The study looks at three things: investment in people, ability to attract skilled foreigners, and readiness, a measure of the availability of skills in the talent pool.
Investing in people
Overall Switzerland comes third in this category.
Swiss underperformance can be found in public education investment. Here it ranks 12th, spending 6% of GDP, behind leaders such as Denmark and Iceland, that both spend 7.6% of GDP. Despite this lower percentage Switzerland still outspends per capita. Because Swiss GDP is high it spends around 20% more per capita than Denmark on public education. In addition, it makes up for public education spending by ranking first on apprenticeships and employee training.
Other educational areas where Switzerland misses out coming top are pupil teacher ratios (primary 26th, secondary 23rd), spending per pupil (12th), and female labour force participation (22nd).
According to the report, increasing female labour force participation leads to more effective, higher quality leadership.

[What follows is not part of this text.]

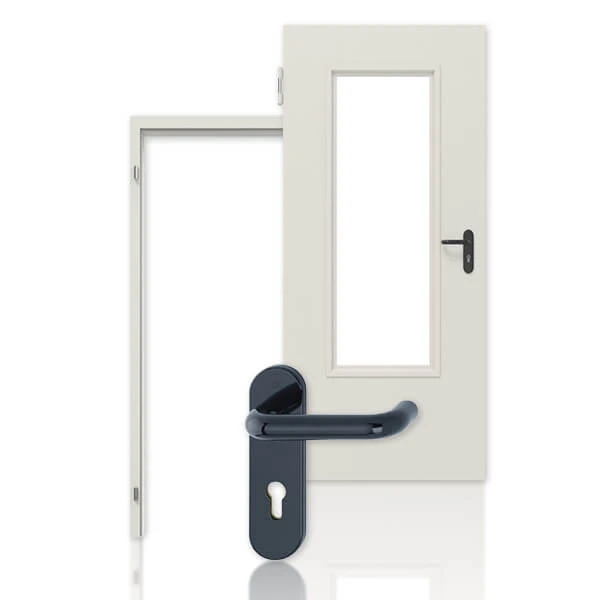 HÖRMANN Innentür-Set Stahl Mehrzwecktür D65-1 OD Mit Lichtausschnitt LA-B3 Inkl. Zarge DryFix 1 HÖRMANN Innentür-Set Stahl Mehrzwecktür D65-1 OD Mit Lichtausschnitt LA-B3 Inkl. Zarge DryFix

Switzerland grabs the top spot for its ability to attract foreign talent. While a high standard of living is a magnet for talent, it all comes at a high price. On cost of living, Switzerland was ranked the second priciest behind Hong Kong. The cheapest place, South Africa, ranked only 42nd overall.
High cost was offset by the world’s highest pay. Swiss service sector workers were the highest paid in every category. Swiss bank credit officers (US$ 114,404), product managers (US$ 123,313), primary school teachers (US$ 99,869), personal assistants (US$ 72,551) and call centre agents (US$ 52,990) were all very well paid.
Management pay in Switzerland also beat the rest of the world. Average Swiss CEO pay (US$ 826,948), manufacturing director pay (US$ 347,612), director pay (US$ 330,732) and engineer pay (US$ 190,780) all outranked the other nations in the study.
If you envy South Africa’s low prices, the country will lose its pull when you discover the pay. A primary school teacher there earns US$ 13,174 and bank credit officer only US$ 12,774.
Switzerland came second here overall. Readiness includes: labour force growth (17th), skilled labour (8th), finance skills (3rd), international experience (1st), competent senior managers (5th), educational system (1st), science in school (2nd), university education (1st), management education (1st), language skills (2nd), inbound student mobility (7th), and PISA scores (9th).
The IMD study is consistent with other similar research. Overall Switzerland does several things very well. It produces talented people, in particular though apprenticeships and on-the-job training and attracts many of the best and brightest from other nations. It then puts all of these people to work in a multitude of high-tech-high-value-add sectors and pays them well, attracting further talent.